Joos arbeitete erfolgreich in der Theoretischen und in der Experimentalphysik, speziell mit Atomphysik, Optik (wie der Theorie des Mikroskops von Ernst Abbe) und Festkörperphysik (unter anderem Festkörperoptik, Para- und Diamagnetismus) und verschiedene Anwendungen (fotografischer Elementarprozess, Theorie des Röhrenverstärkers in seiner Habilitation). Das von Joos verfasste „Lehrbuch der Theoretischen Physik“ prägte Generationen von Physikstudierenden und auch seine Einführung in die höhere Mathematik für Praktiker war seinerzeit weit verbreitet. Bekannt wurde G. Joos u. a. durch seine Arbeiten zur Relativitätstheorie: 1930 wiederholte er in Jena mit Unterstützung des Zeiss Werkes das berühmte Michelson-Morley-Experiment mit bisher und bis heute unerreichter Genauigkeit[14], widerlegte damit die Lorentzsche Äthertheorie und bestätigte dabei erneut die Einsteinsche Spezielle Relativitätstheorie (Konstanz der Lichtgeschwindigkeit). Joos wies mit seinem Kollegen Wilhelm Hanle nicht nur frühzeitig 1939 in einem Schreiben an den Reichserziehungsminister Bernhard Rust auf die Nutzung der Kernenergie hin und nahm mit Hanle an der ersten Sitzung des Reichsforschungsrats am 29. April 1939 zu diesem Thema teil (einberufen von Abraham Esau, Leiter der Abteilung Physik im Reichsforschungsrat und ehemaliger Professoren-Kollege von Joos in Jena), er forschte auch weiter in Göttingen mit Hanle an der Möglichkeit, Graphit als Moderator bei Reaktoren zu verwenden, wozu sie 1940 Graphit in hoher Reinheit herstellten. Die Gruppe des bekannten Kernphysikers Walther Bothe in Heidelberg hatte dagegen mit unreinem Graphit experimentiert, kam bezüglich der Eigenschaften als Neutronenmoderator zu negativen Ergebnissen und konnte sich mit dieser Ansicht gegen Joos durchsetzen – beide trugen darüber im März 1941 am Kaiser-Wilhelm-Institut vor.[15] In der Folge wurde in der deutschen kerntechnischen Forschung auf einen Schwerwasserreaktor gesetzt, während unter der Leitung von Enrico Fermi in den USA der erste Reaktor in Chicago mit Graphit als Moderator zum Laufen gebracht wurde.

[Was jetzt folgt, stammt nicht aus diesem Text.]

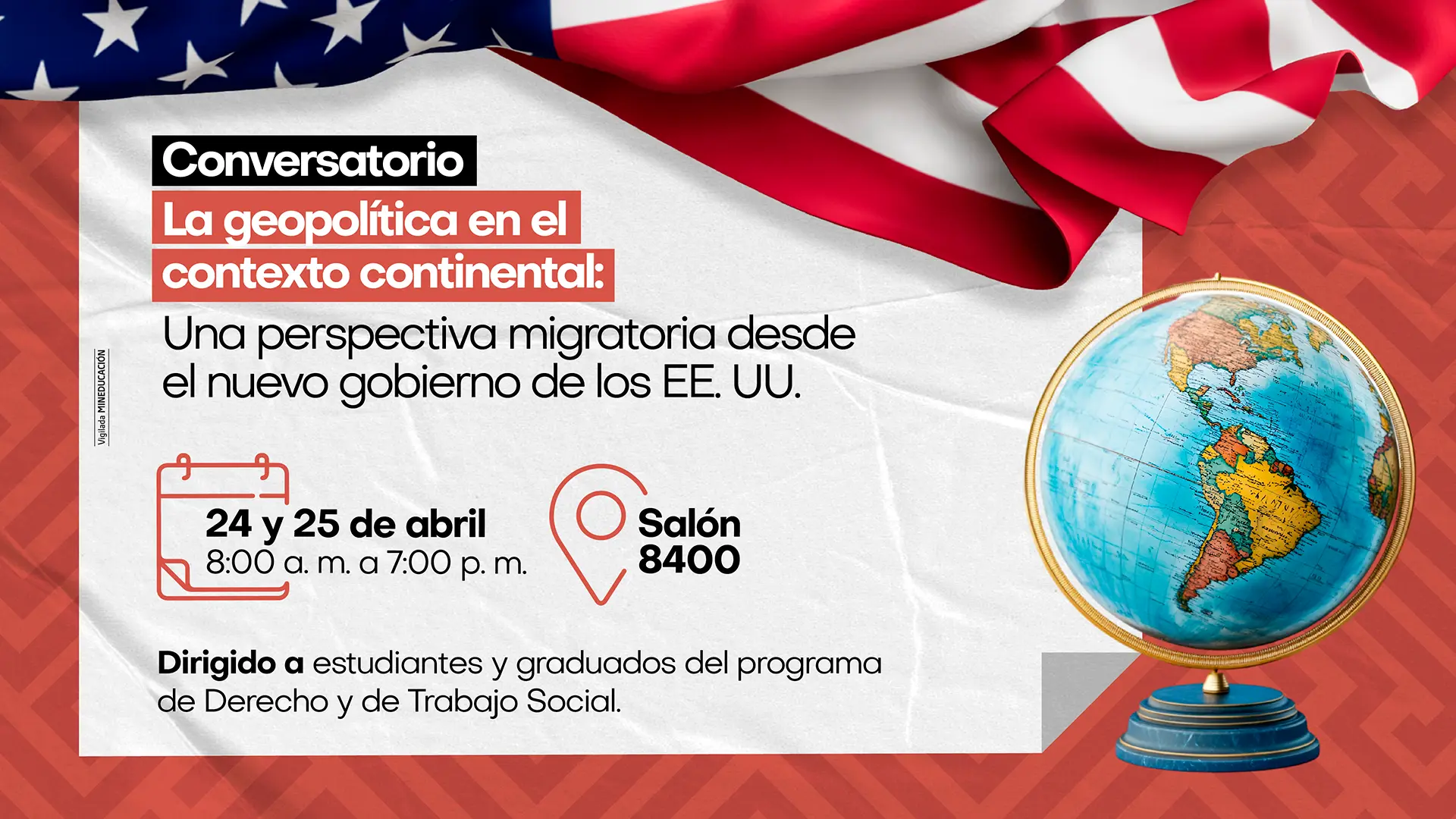 Conversatorio: la geopolítica en el contexto continental: Una perspectiva migratoria desde el nuevo gobierno de los EE.UU."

Jena, Zeiss und das Michelson-Morley Experiment

[Bearbeiten | Quelltext bearbeiten]

Joos wurde 1924 außerordentlicher Professor in Jena und 1928 ordentlicher Professor. Sein Lehrbuch der theoretischen Physik, eines der bedeutendsten des 20. Jahrhunderts, erschienen 1932.

Bereits 1925 schrieb Joos in einem Brief an Sommerfeld, dass die Firma Carl Zeiss einen Apparat für ein Michelson-Morley Experiment am Jungfrau Joch bauen würde. Dies wurde aber nicht verwirklicht. Unterstützung für sein Vorhaben bekam er von Rudolf Straubel, Geschäftsführer des Zeiss Werkes in Jena. Die Aufbauten für das Experiment erforderten einen hohen technischen und konstruktiven Aufwand. Unter Leitung von Franz Meyer[16] wurde eine Konstruktion erarbeitet, welche an die Grenze der damaligen Möglichkeiten ging. Das Gerät wurde in der Astrowerkstatt gebaut.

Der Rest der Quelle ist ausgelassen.